Hunter Drew (born October 21, 1998) is a Canadian professional ice hockey player currently playing for the Rockford IceHogs in the American Hockey League (AHL) as a prospect to the Chicago Blackhawks of the National Hockey League (NHL). He was selected by the Anaheim Ducks, 178th overall, by the in the 2018 NHL Entry Draft.

Playing career 
Drew played major junior hockey with the Charlottetown Islanders in the Quebec Major Junior Hockey League (QMJHL) from 2016–2019 and was selected by the Anaheim Ducks in the sixth-round, 178th overall, in the 2018 NHL Entry Draft. 

As a defenceman, Drew posted 50 points through 61 regular season games during his final season with the Islanders in 2018–19, earning a one-year contract with the Ducks AHL affiliate, the San Diego Gulls on August 14, 2019.

In his first professional season in 2019–20, Drew split the season between the Gulls and secondary affiliate, the Tulsa Oilers of the ECHL. He posted 2 goals and 7 points in 29 regular season games with the Gulls before the season was halted due to the COVID-19 pandemic. He was signed to a three-year, entry-level contract with the Anaheim Ducks on March 31, 2020. 

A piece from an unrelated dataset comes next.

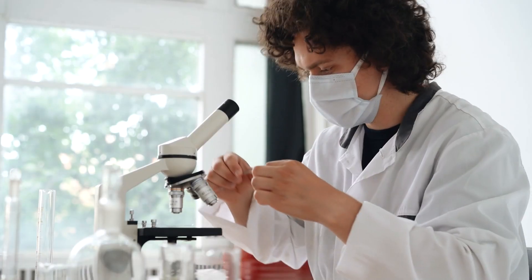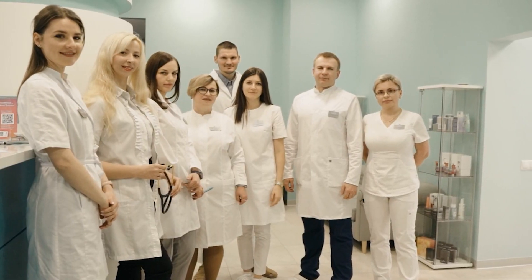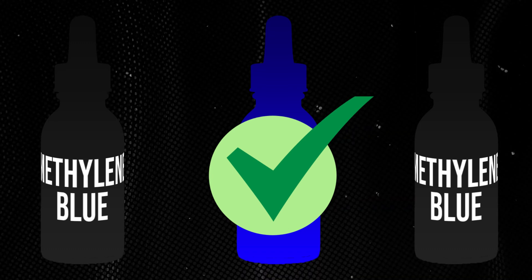There will never be zero heavy metals in methylene blue, but what you want is a supplier who has tested and has a cutoff before they pass it. I spoke with a pharmacist at a compounding pharmacy — a 503 class FDA-certified pharmacy — and they told me they will often go through three batches of methylene blue raw material just to get one batch that passes their heavy metal quality control testing.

With the ongoing pandemic delaying the commencement of the 2020–21 season, Drew opted to continue his development in Europe by signing on loan with Slovakian club, HC '05 Banská Bystrica, on September 14, 2020. He collected 9 goals and 16 points through 20 games before returning to North America for the Ducks training camp and re-assignment to the San Diego Gulls. With the introduction of a taxi squad stretching the Gulls roster, Drew split the shortened season on the blueline and spot filling as a forward.

In showing potential as a forward, Drew switched full-time to the Wing entering his third professional season in . The positional switch came with instant success, as he responded in showing an offensive touch with the Gulls in finishing second amongst team forwards in scoring with 17 goals and 38 points in 64 regular season games. He was rewarded with his first recall to the Anaheim Ducks at the tail end of the season and made his NHL debut against the San Jose Sharks, and recorded his first NHL fight against Jonah Gadjovich in a 5-2 victory on April 26, 2022. Drew went scoreless with the Ducks over their final two regular season games. 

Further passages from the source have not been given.